The legend of the grand lady of basketball became even more legendary in June of 1999 during the grand opening of the Women’s Basketball Hall of Fame.
The winningest ever girls basketball coach in the nation, the late Bertha Frank Teague was included in the prestigious inaugural induction class of ’99.
The former Byng, Oklahoma High School coach recorded an incredible 1,157-115 record in a glorious span beginning in 1926 and ending in 1969. In perspective, legendary lawman Wyatt Earp died in 1926; a year later aviator Charles Lindbergh made his first non-stop flight across the Atlantic and Babe Ruth hit a record 60 home runs.
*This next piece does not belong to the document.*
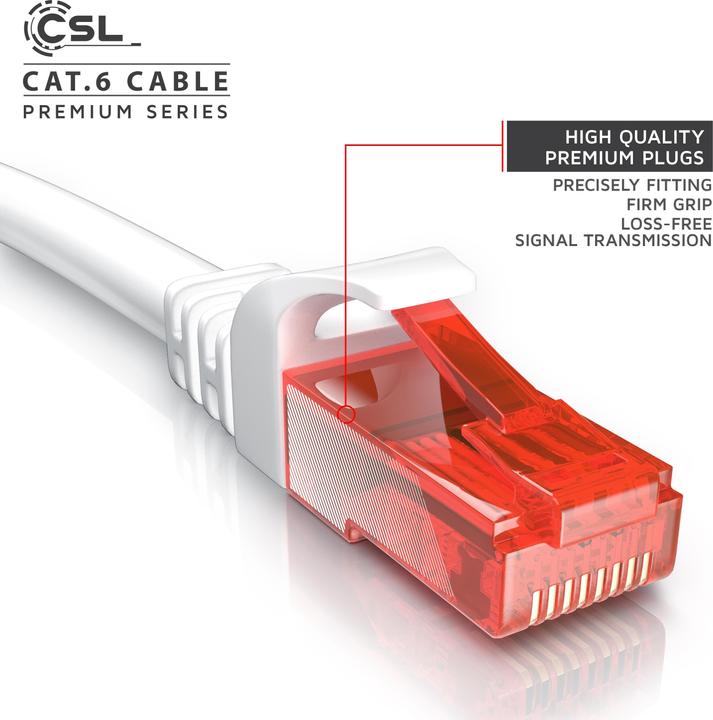 Produktbild CSL CAT.6 Netzwerkkabel - Ethernet Gigabit Lan Kabel RJ45 - Patchkabel - komp. CAT.5 CAT.6 CAT.7 CAT.8 (UTP, CAT6, 15 m)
Omega Johnson, a stellar player under Teague who later became her road companion at girls’ basketball events, attended the grand opening and ribbon cutting induction gala and dinner and the induction ceremonies.
Mrs. Johnson reflected the views of followers of girls’ basketball in an interview prior to the induction. “Any organization that has to do with women’s or girls’ basketball just has to include Mrs. Teague. That’s a given,” Johnson said.
In its first year of existence in 1976, Teague and Johnson were among the original incorporators of the annual holiday basketball tournament, the Bertha Frank Teague Mid-America Classic, played in Ada, Oklahoma. The event has grown into the most prestigious regular season tournament of its kind, drawing the top girls’ basketball programs in Oklahoma as well as surrounding states.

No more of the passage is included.